It has been about a month since the last earnings report for Cooper Tire (CTB). Shares have added about 3.8% in that time frame, outperforming the S&P 500.
Will the recent positive trend continue leading up to its next earnings release, or is Cooper Tire due for a pullback? Before we dive into how investors and analysts have reacted as of late, let's take a quick look at its most recent earnings report in order to get a better handle on the important catalysts.
Cooper Tire Q1 Earnings Fail to Meet Expectations
Cooper Tire reported first-quarter 2021 adjusted earnings of 43 cents per share, which lagged the Zacks Consensus Estimate of 71 cents. This underperformance resulted from higher selling, general & distribution (SG&A) expenses incurred during the quarter. Notably, SG&A expenses rose to $71.2 million from the prior-year’s quarter of $51.2 million.
Nonetheless, the bottom line compares favorably with the loss per share of 6 cents recorded in the prior-year quarter. The company’s net sales jumped 23.3% year over year to $656 million for first-quarter 2021, mainly on higher unit volumes, favorable price/mix and favorable foreign currency impact. The reported figure also surpassed the Zacks Consensus Estimate of $633 million.
Net sales in Americas Tire Operations climbed 23% year over year to $562 million on higher unit volume and favorable currency translations. The reported figure, moreover, beat the Zacks Consensus Estimate of $509 million. Operating profit in the segment skyrocketed 473.8% from the year-ago quarter to $60 million and also topped of the consensus mark of $54 million.

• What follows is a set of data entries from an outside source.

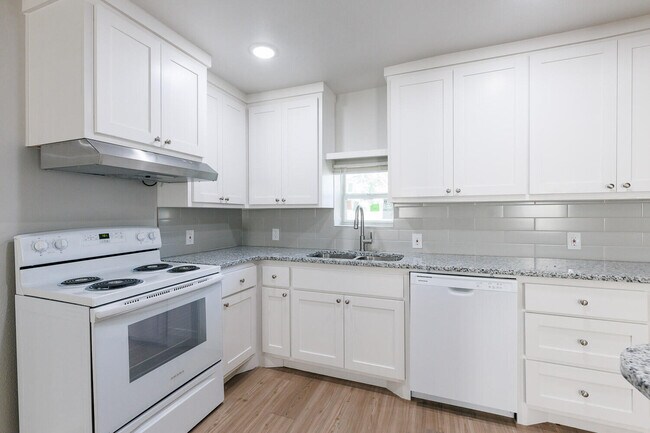 Building Photo - 401 Chestnut St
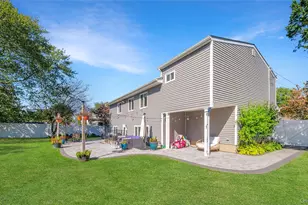 10 Ponder Ln, Deer Park, NY 11729 - Photo 37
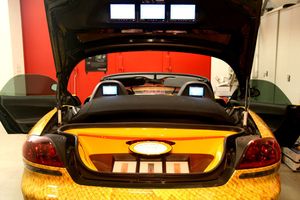 Dodge Viper, Car-Hifi Shop, Autoradio Subwoofer Einbau Spezialist, Raum Stuttgart Ludwigsburg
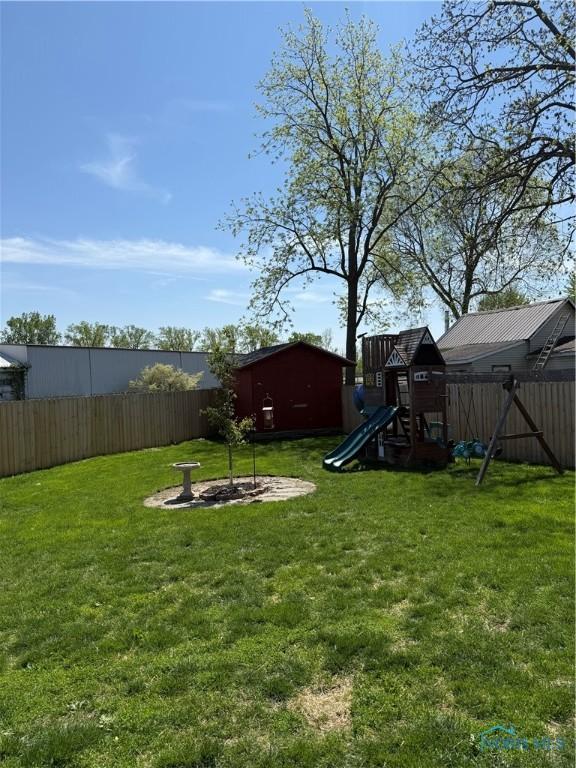 801 W Sandusky St, Findlay, OH 45840 - view of yard featuring a playground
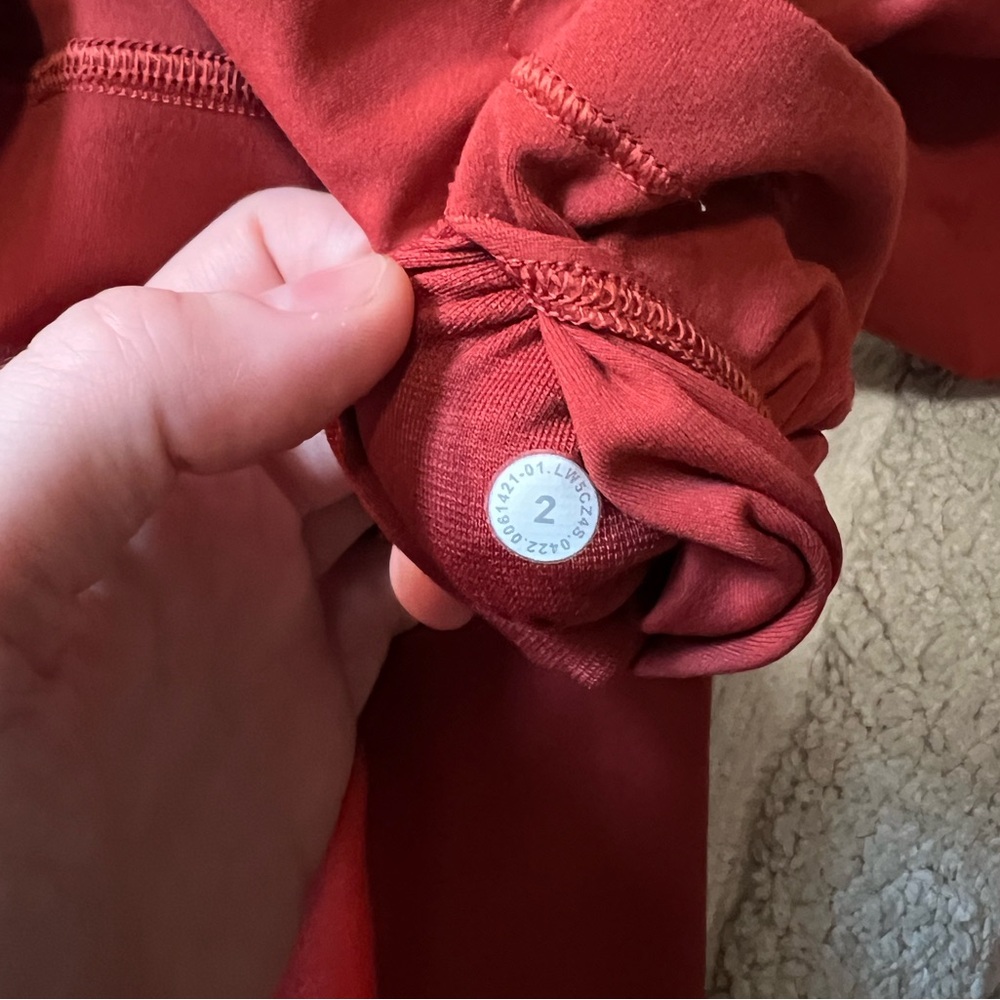 Lululemon 28” align leggings cayenne - Picture 3 of 4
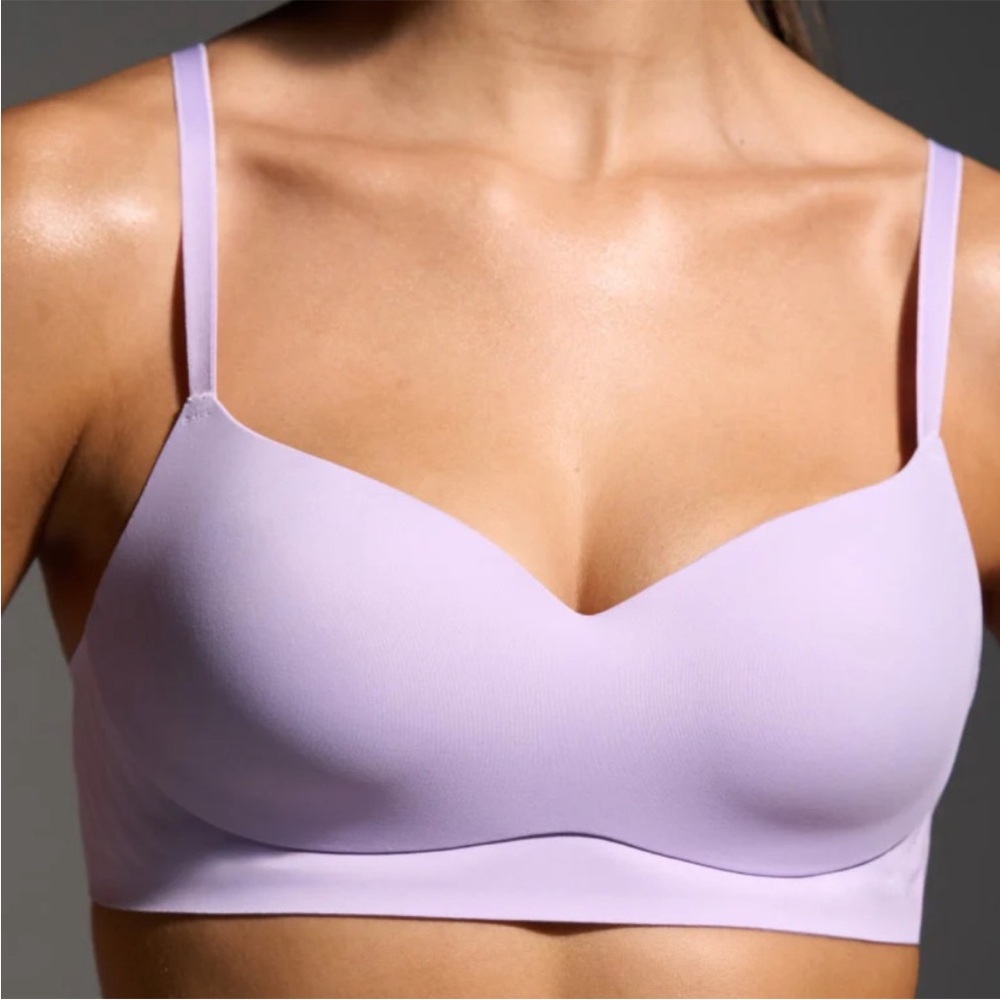 EBY Seamless The Ultimate All Day Balconette in Lilac
All Day Balconette XL NWT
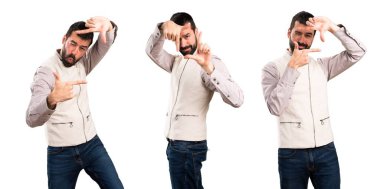 Yelek parmaklarıyla odaklanan yakışıklı adam kümesi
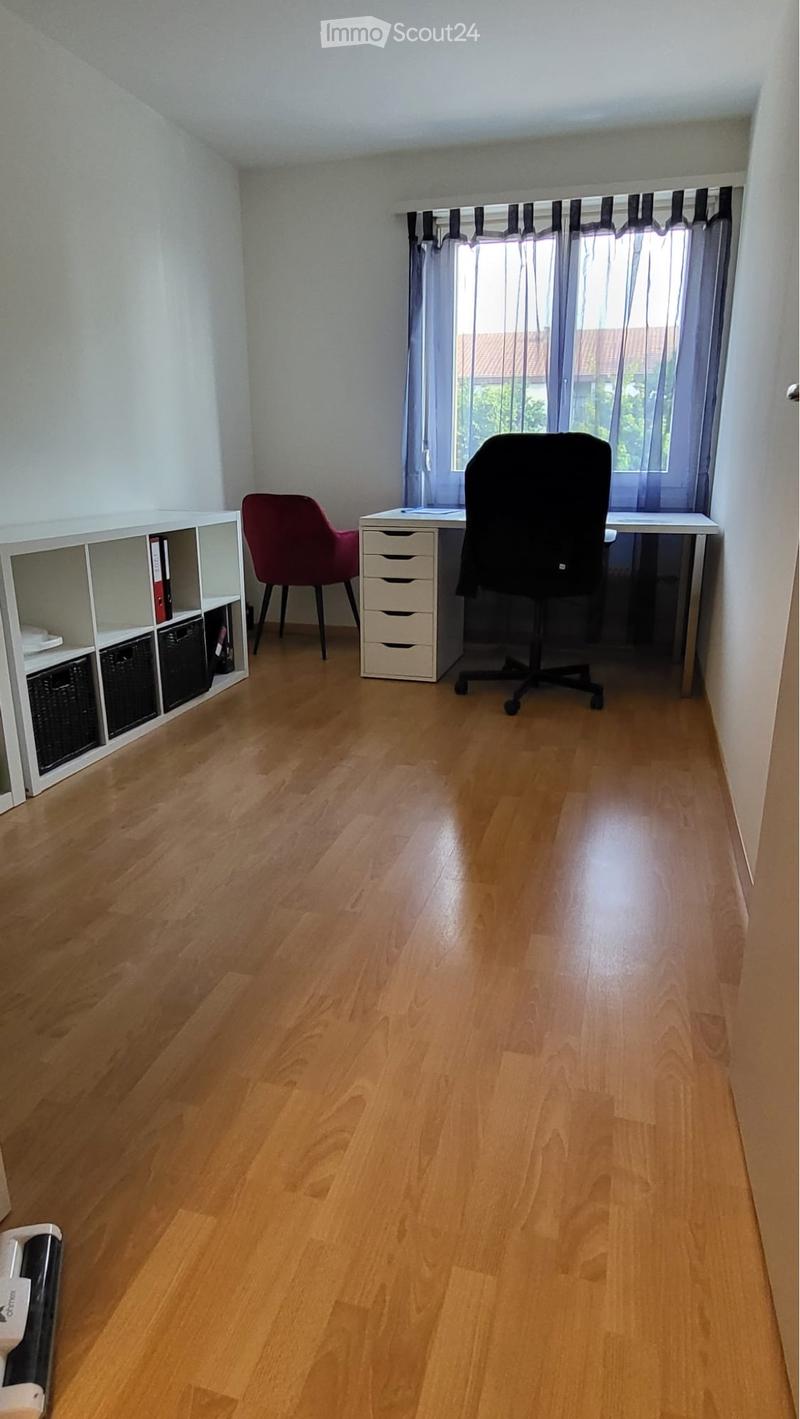 Nachmieter gesucht für 3.5 Zimmer Wohnung (3)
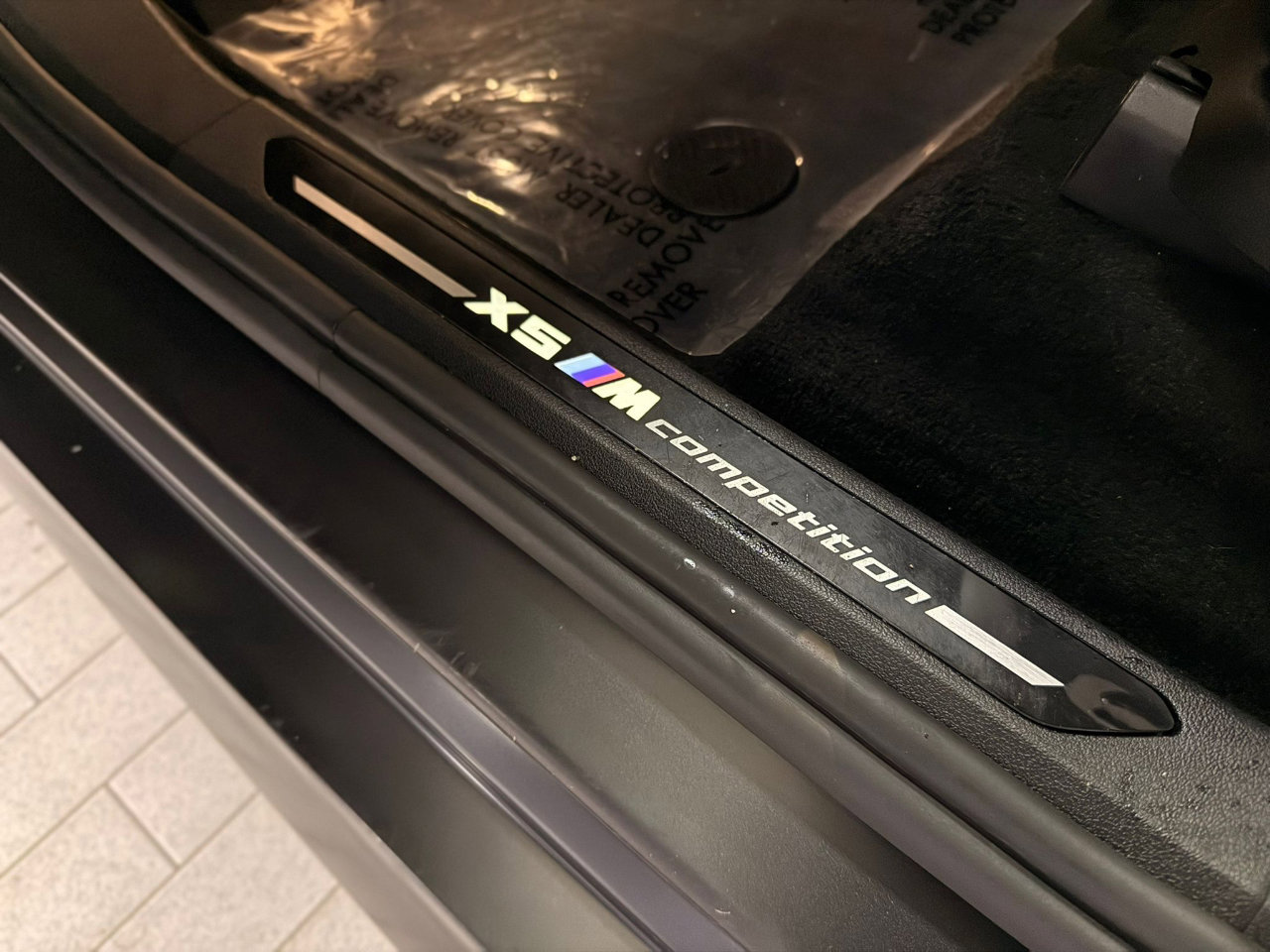 Used 2022 BMW X5 M Competition image 14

Operating margin was 10.7% compared with the prior-year quarter’s 2.3%.
Revenues in International Tire Operations grew 36.1% from the prior year to $139 million due to higher unit volume and favorable forex impact. The reported figure also outpaced the Zacks Consensus Estimate of $101 million. The unit registered operating profit of $3 million as against operating loss of $10 million posted in the year-ago quarter as well as beat the consensus mark of $1.4 million. Operating margin was 2.3% versus the negative 10% reported in the prior-year quarter.
Cooper Tire had cash and cash equivalents of $460.4 million as of Mar 31, 2021, compared with the $433.4 million recorded in the year-ago period. Capital expenditure for first-quarter 2021 increased to $57 million from the year-ago level of $55 million. As of Mar 31, 2021, long-term debt and finance leases amounted to $309.2 million, up from the $301.9 million recorded as on Mar 31, 2021.
How Have Estimates Been Moving Since Then?
In the past month, investors have witnessed an upward trend in estimates revision.
At this time, Cooper Tire has a nice Growth Score of B, a grade with the same score on the momentum front. Charting a somewhat similar path, the stock was allocated a grade of A on the value side, putting it in the top 20% for this investment strategy.
Overall, the stock has an aggregate VGM Score of A. If you aren't focused on one strategy, this score is the one you should be interested in.
Estimates have been trending upward for the stock, and the magnitude of this revision looks promising. Notably, Cooper Tire has a Zacks Rank #3 (Hold). We expect an in-line return from the stock in the next few months.